= Godfrey M. Hyams =

Godfrey M. Hyams (1859–1927) was an American metallurgist, civil engineer, financier, and philanthropist.

==Early life==
Hyams was born in Baltimore, Maryland. His family moved to Boston, Massachusetts while he was a child. He graduated from Boston English High School and attended Harvard College, where he graduated in 1881.

==Career==
Hyams became an investment banker based in Boston and specialized in natural resources. He was responsible for the growth of such companies as the Anaconda Mining Company. In the early twentieth century, he was the principal financial manager for the construction of the Deepwater Railway in West Virginia and the Tidewater Railway in Virginia, which were combined in 1907 to form the Virginian Railway (VGN), completed in 1909. The new railroad, ostensibly headed by coal mining manager William Nelson Page of Ansted, West Virginia, was financed almost entirely from the personal fortune of a silent partner, industrialist Henry Huttleston Rogers, a native of Fairhaven, Massachusetts. It opened up major new areas of bituminous coal in some of the most rugged terrain in southern West Virginia for shipment to Hampton Roads, where a new coal pier was built at Sewell's Point.

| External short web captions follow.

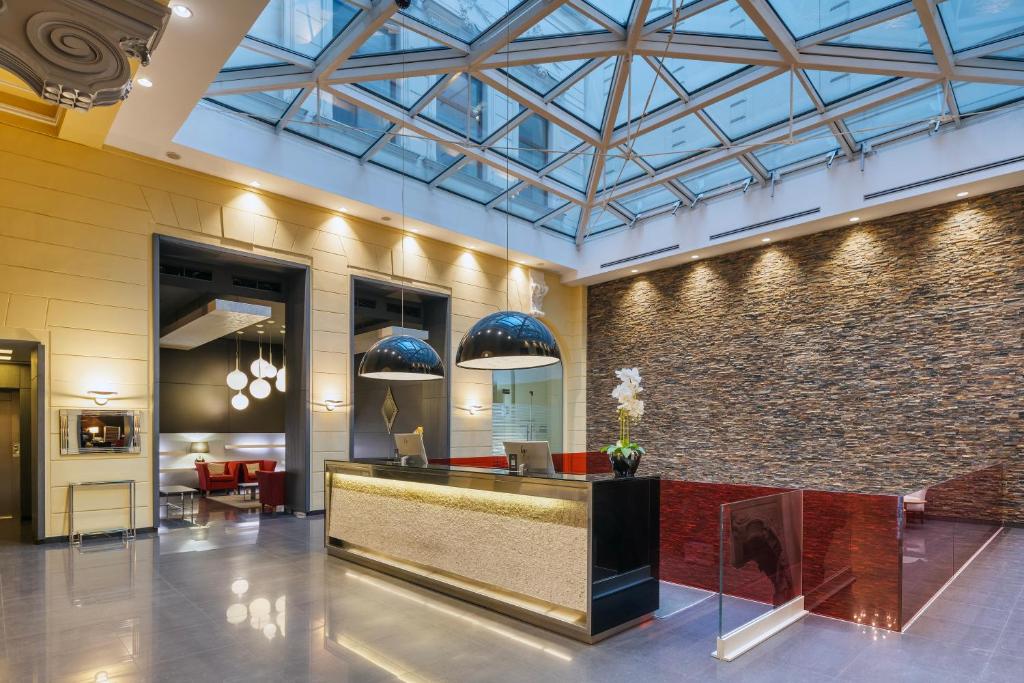 a lobby with a reception desk and a brick wall at Eurostars Palazzo Zichy in Budapest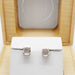 14kt yellow gold moonstone cabochon stud earrings presented in an Era Design box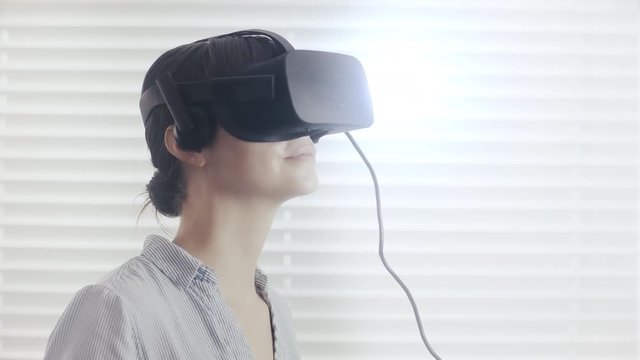 Beautiful businesswoman interacting in virtual reality. 4K UHD footage rendered at 16-bit color depth. (All logos and identifying marks removed in post.)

Godfrey M. Hyams remained an officer of the Virginian Railway for the rest of his life. He married Mary Wilson Hyams, and she died in Boston on May 15, 1934. Hyams died in Boston on October 7, 1927.

==Legacy==
He left the bulk of his estate in trust for charitable purposes. It was one of the largest philanthropic gifts ever made in Massachusetts.

His funds and those of a sister were combined later, and are now handled by The Hyams Foundation, Inc.